THE DATA:
┏━━

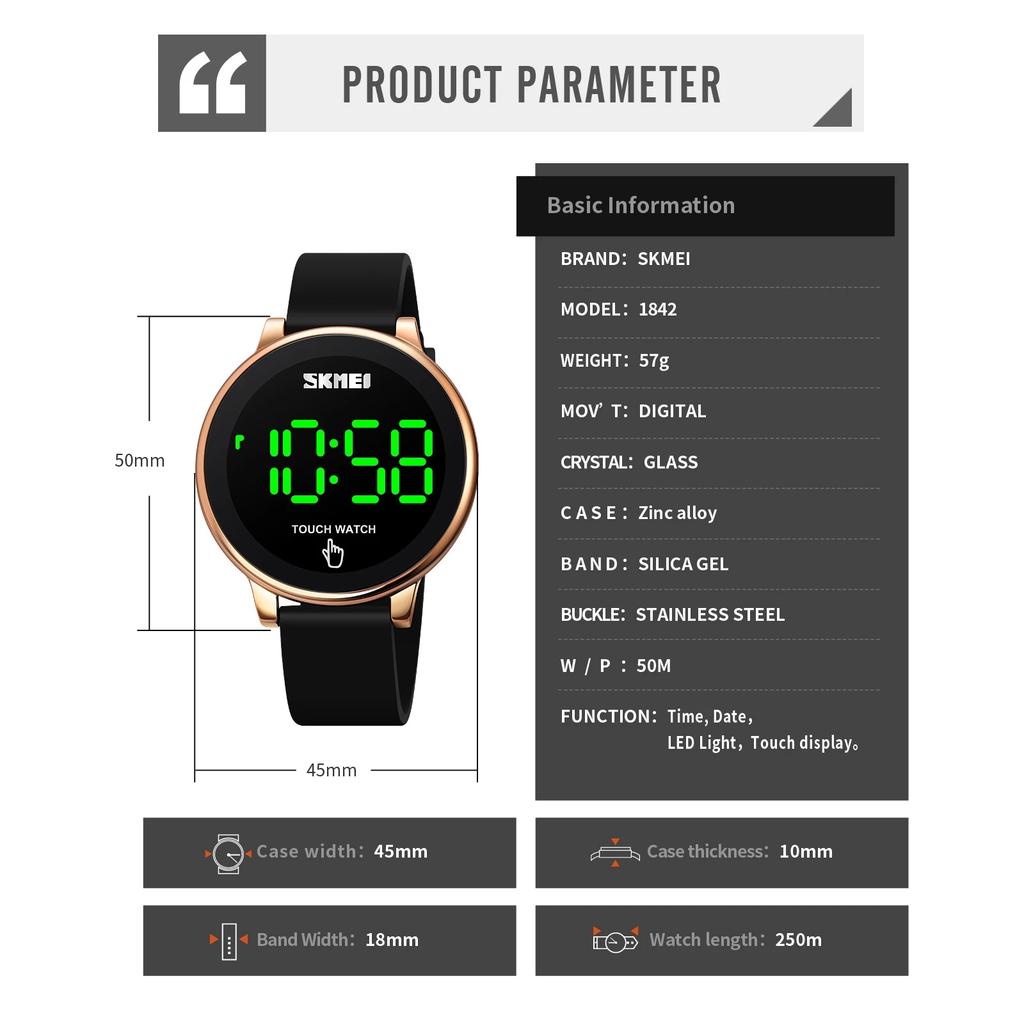 Skmei 1842 Universe Digital Watch Low Cost Silicone Band Touch Screen Calender ultra Slim Casual Wrist Watch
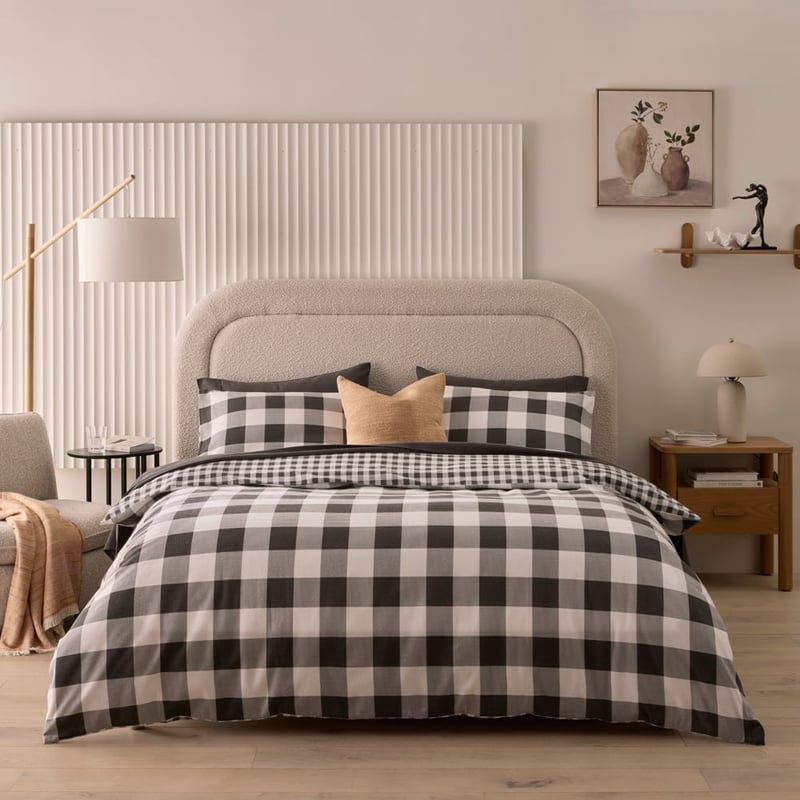 Flannelette Charcoal Check Quilt Cover Set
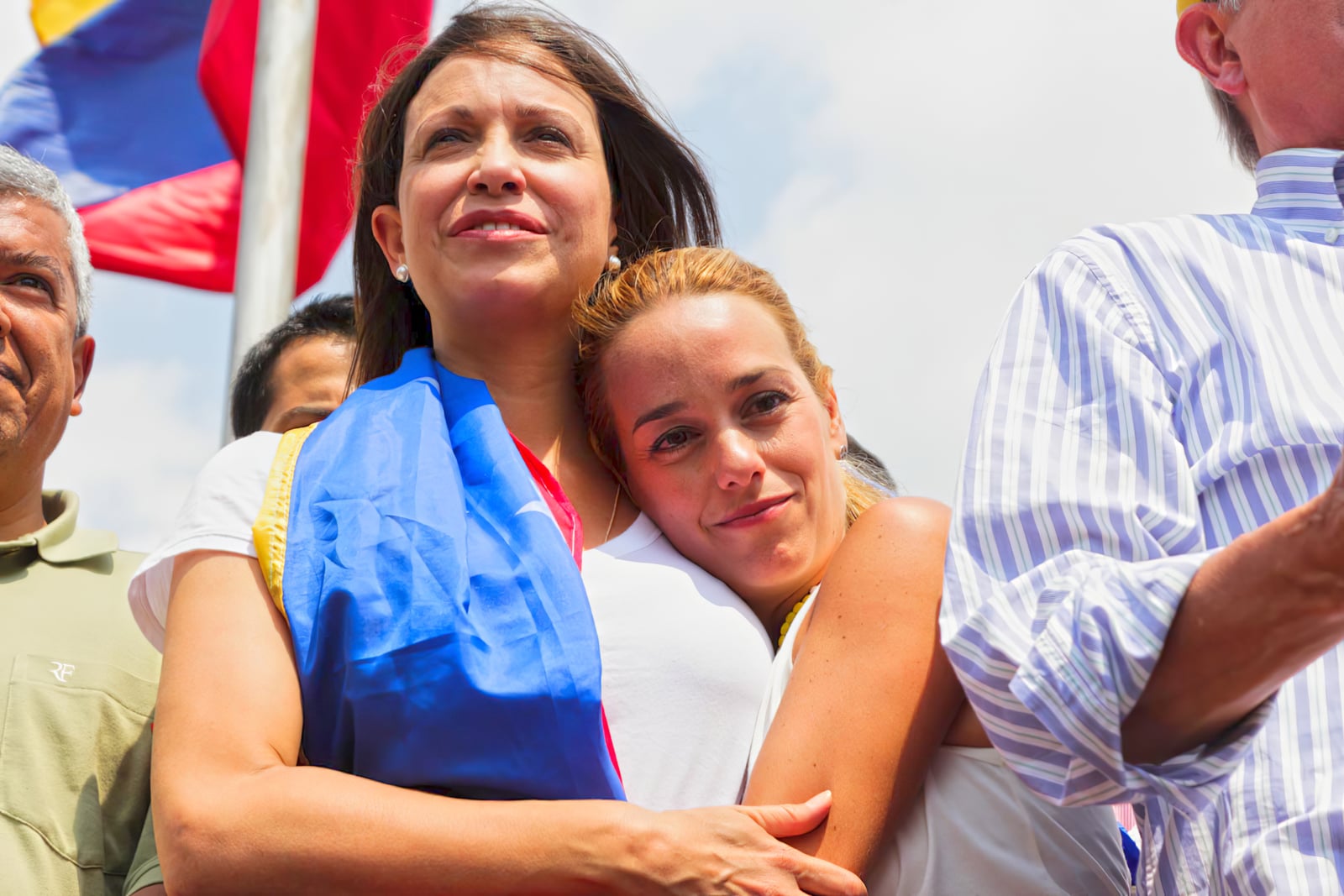 María Corina Machado and Lilian Tintori at an opposition gathering.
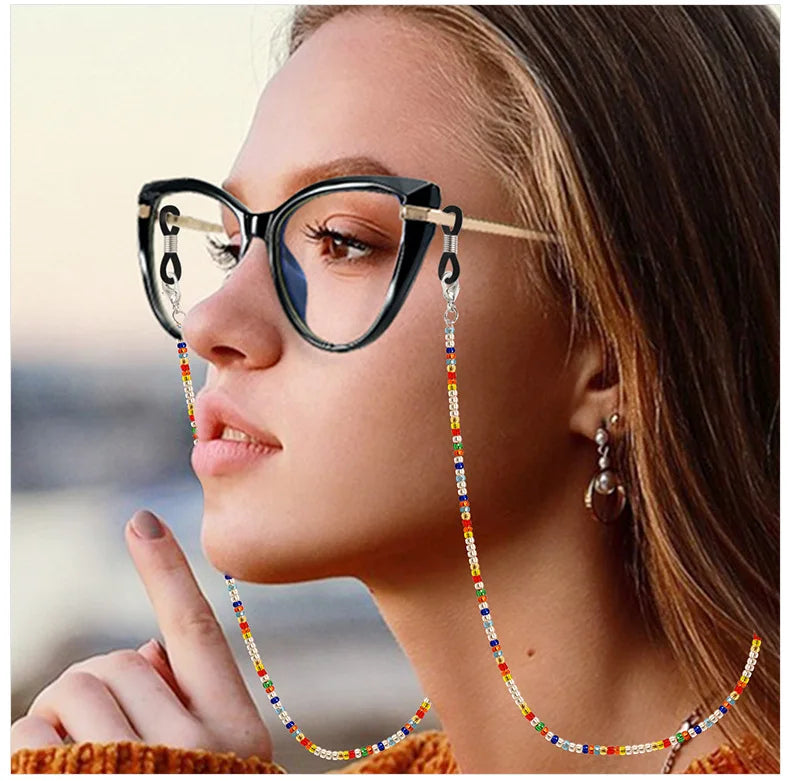 Fashion Eyeglass Chains for Women Pear Crystall Sunglasses Chains Glasses Cord Holder Eyewear Lanyard Necklace Strap Rope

┗━━

Take the lines from the one containing "María Corina Machado" through the final line of the listing above and print them exactly, including both ends but no pictures.

EXERCISE RESULT:
 María Corina Machado and Lilian Tintori at an opposition gathering.
 Fashion Eyeglass Chains for Women Pear Crystall Sunglasses Chains Glasses Cord Holder Eyewear Lanyard Necklace Strap Rope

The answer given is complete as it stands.